C’est dans le Farinier médiéval de l’abbaye de Cluny que s’installe cet automne l’exposition « Patrimoine en mouvement - Construire un avenir durable ». Produite par la Cité de l’architecture et du patrimoine avec la Fondation du patrimoine, cette troisième édition, pour 2026-2027, met à l’honneur la Bourgogne-Franche-Comté.
L’objectif est notamment de faire découvrir les métiers du patrimoine et la technicité des architectes à travers plusieurs exemples de restaurations. Planches de dessins reproduites, maquettes, photographies, matériaux et vidéos permettent de comprendre la complexité et la richesse architecturale des différents sites. Le jeu et la bande dessinée complètent le parcours avec l’ambition de susciter des vocations pour ces métiers.

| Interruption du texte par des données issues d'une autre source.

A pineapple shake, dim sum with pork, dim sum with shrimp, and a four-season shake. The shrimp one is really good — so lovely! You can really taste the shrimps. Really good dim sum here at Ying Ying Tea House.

L’exposition veut aussi montrer que la préservation du bâti constitue un défi d’avenir. Gestion des énergies et des ressources, étalement urbain ou préservation de la biodiversité : huit projets de restauration illustrent l’alliance possible entre création architecturale et patrimoine ancien.

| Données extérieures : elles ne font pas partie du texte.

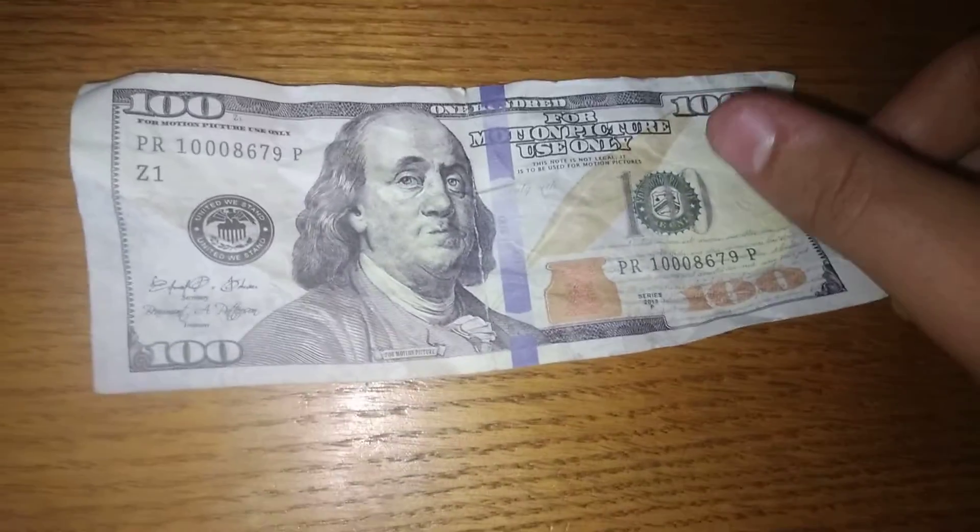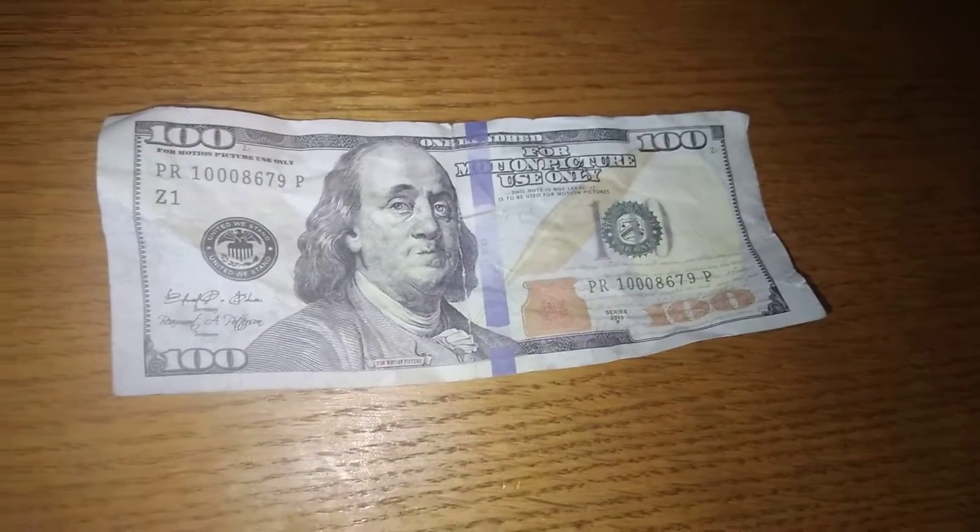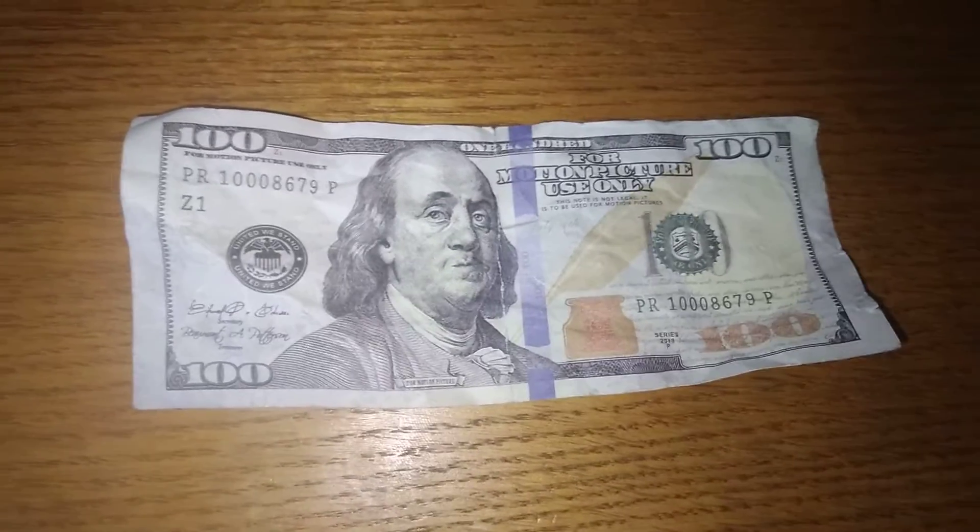Found a counterfeit bill. This is my second counterfeit bill I've found in the past like 3 weeks. That's pretty awesome.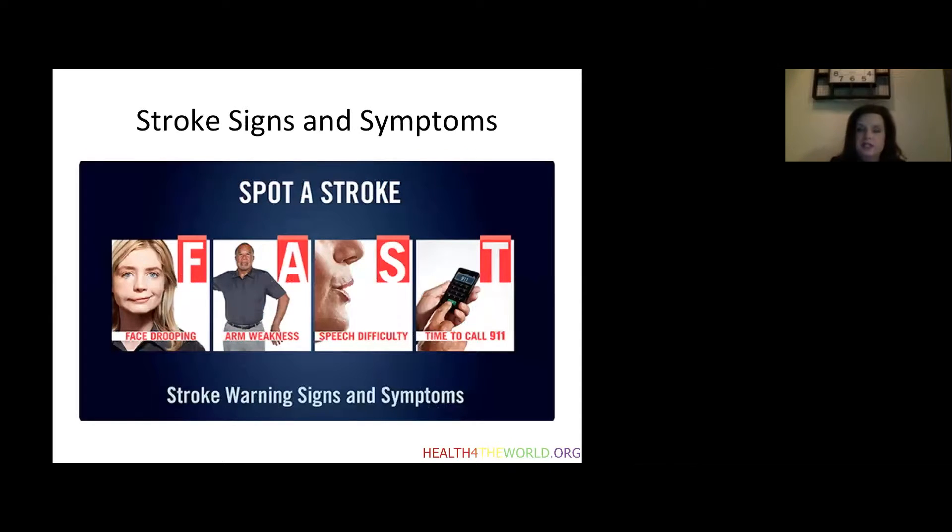What are the signs and symptoms of a stroke? The major telltale signs can be described in the acronym FAST. This stands for F — facial drooping; A — arm weakness, specifically unilateral arm weakness, meaning one side or the other, not both; S — speech difficulties; and T — time. The importance of T is that as soon as these symptoms are recognized, you call 911.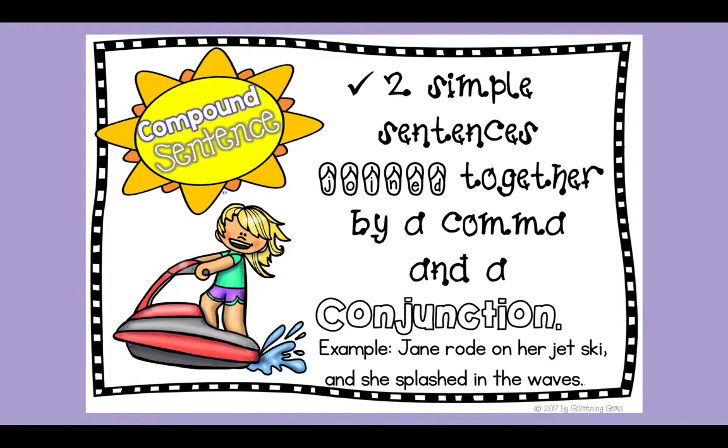So back to compound sentences. A compound sentence is just two simple sentences — just regular sentences — that are joined together by a comma and a conjunction. It's really important to remember that to have a compound sentence, you must have a comma followed by a conjunction. The example on this page says: Jane rode on her jet ski, comma, and she splashed in the waves. I know this is a compound sentence because it's got two simple sentences, two full ideas — Jane rode on her jet ski; she splashed in the waves — plus a comma and a conjunction, joined to create a much more interesting sentence.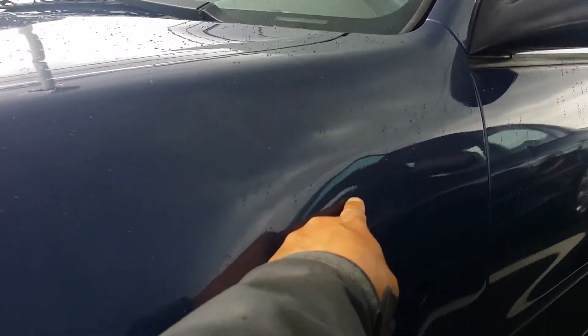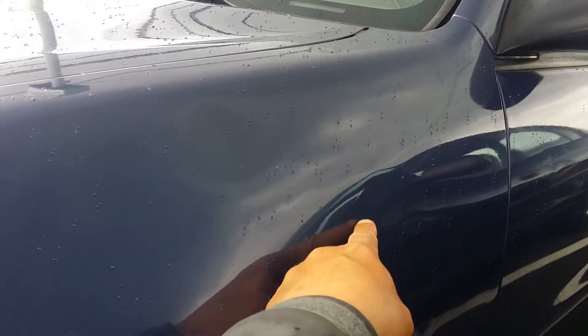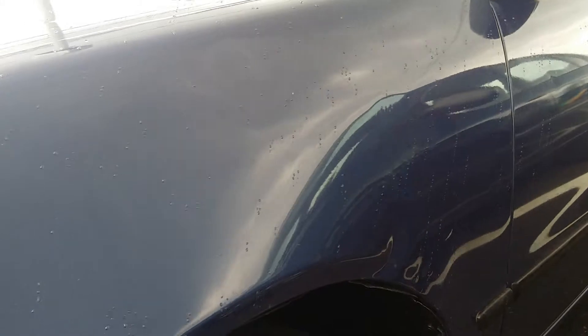Looks like there's some poor prior paintless dent repair done there — somebody tried to make pushes on that brow and didn't know why or where they were pushing, or for what reason. But we will do the right thing and make this car look nice.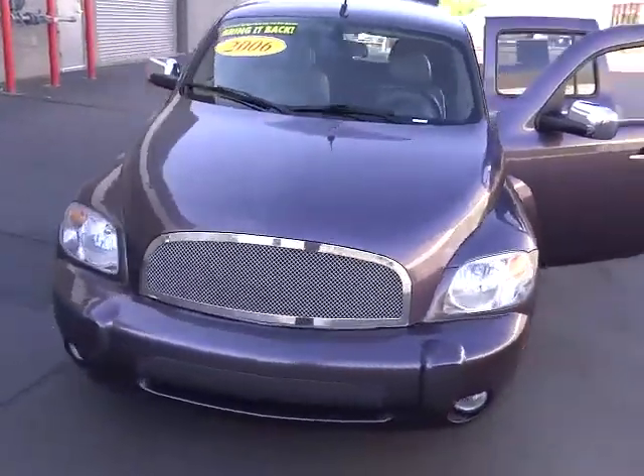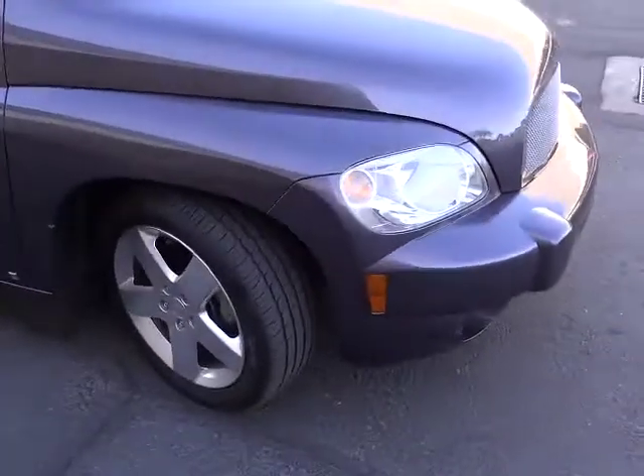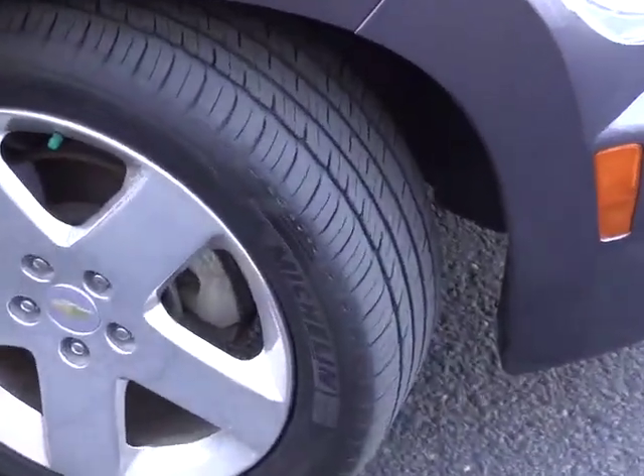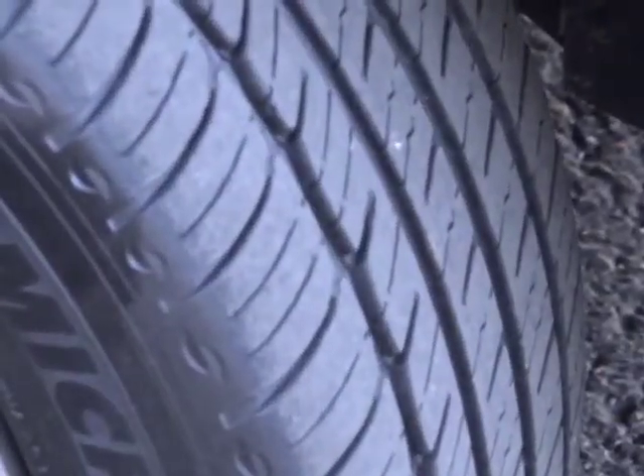2006 HHR. The HHR is an SS crossover that is super fun and functional for any road trip. This vehicle has less than 40,000 miles. Here are some of this vehicle's great options.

Le parcours conduit ainsi le visiteur de Notre-Dame de Bethléem à Clamecy à la cathédrale Saint-Bénigne de Dijon, en passant par l’ancien presbytère de Lantenne-Vertière, la Grande Bibliothèque de Besançon, le Vieux Saint-Vincent de Mâcon, le Panoptique d’Autun-Musée Rolin, l’Ecclesia de Luxeuil-les-Bains ou encore le groupe scolaire et périscolaire de Pesmes.
Le lieu qui accueille l’exposition fait lui-même partie de cette histoire. Construit au début de la seconde moitié du XIIIe siècle, le Farinier témoigne des usages domestiques de la grande abbaye de Cluny, notamment du stockage des denrées alimentaires. Ce probable grenier à grains mesurait 56 mètres de long, dont les deux tiers seulement sont conservés. À l’étage subsiste une magnifique charpente en chêne, en forme de coque de bateau renversée, datant de sa construction.
Une exposition qui porte un message simple : préserver le patrimoine ne signifie pas le figer. Il continue de vivre, d’évoluer et de s’inscrire dans les territoires.